Martin Lucina mato at imatix.com
Wed Aug 22 12:34:29 CEST 2007


Nick,

ndl at ravenbrook.com said:
> I don't know whether the following is relevant. The system I'm working
> with can only link with shared libraries. After building OpenAMQ, I
> went on to link the archives in ibase/lib thus:
> 
>   ld -shared -o libamq.so -luuid -lm -whole-archive libamq_common.a  \
>     libamq_operate.a libamq_server.a libamq_wireapi.a libapr.a \
>     libaprutil.a libasl.a libicl.a libipr.a libpcre.a libsfl.a libsmt3.a \
>     libsmt.a libzip.a /usr/lib/libexpat.so.1 /usr/lib/libcrypt.a

That explains it ...

All code going into a shared library has to be compiled with -fPIC,
otherwise bad things happen, especially if the library uses static
variables which is the case here (s_os_active_thread_count).

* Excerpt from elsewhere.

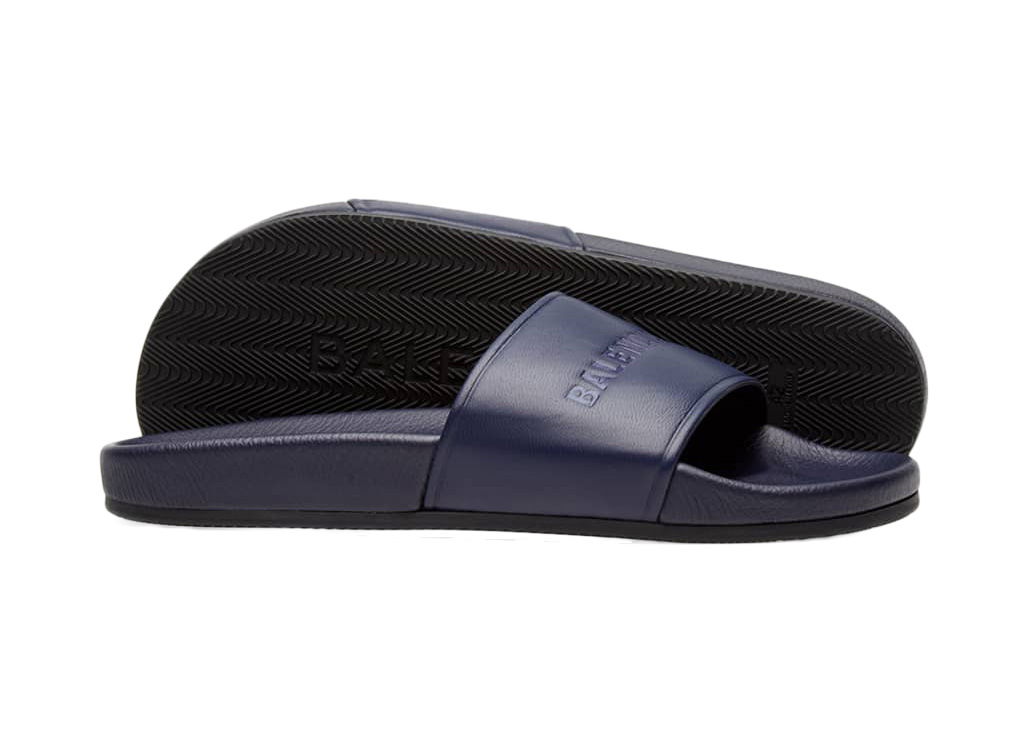 Tenisky a topánky Balenciaga Pool Slides Blue Navy | 506347WAL004166, 0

> I don't know. Machine isn't mine, it's remote to me (I access it via
> ssh). What's the incantation for finding out?

cat /proc/cpuinfo, but it's not relevant since I can see that it's the
.so that's causing the problem.

>    4) Does our standard client code work correctly? e.g. Can you run
>    "amq_server" and "amq_client" with no parameters against it?
> 
> Yes, and amq_shell

Just to confirm 100% that it *is* the .so, can you try manually linking
amq_client against the .so rather than the static libraries? You can get
the link command by doing "c -v -L amq_client" in the
OpenAMQ-XXX/clients directory. Take out the .a files and specify the
full path to your shared library.

I'd expect it to not work ...

Once we confirm that this is the case, we can look at a temporary
solution to make the shared library work for you.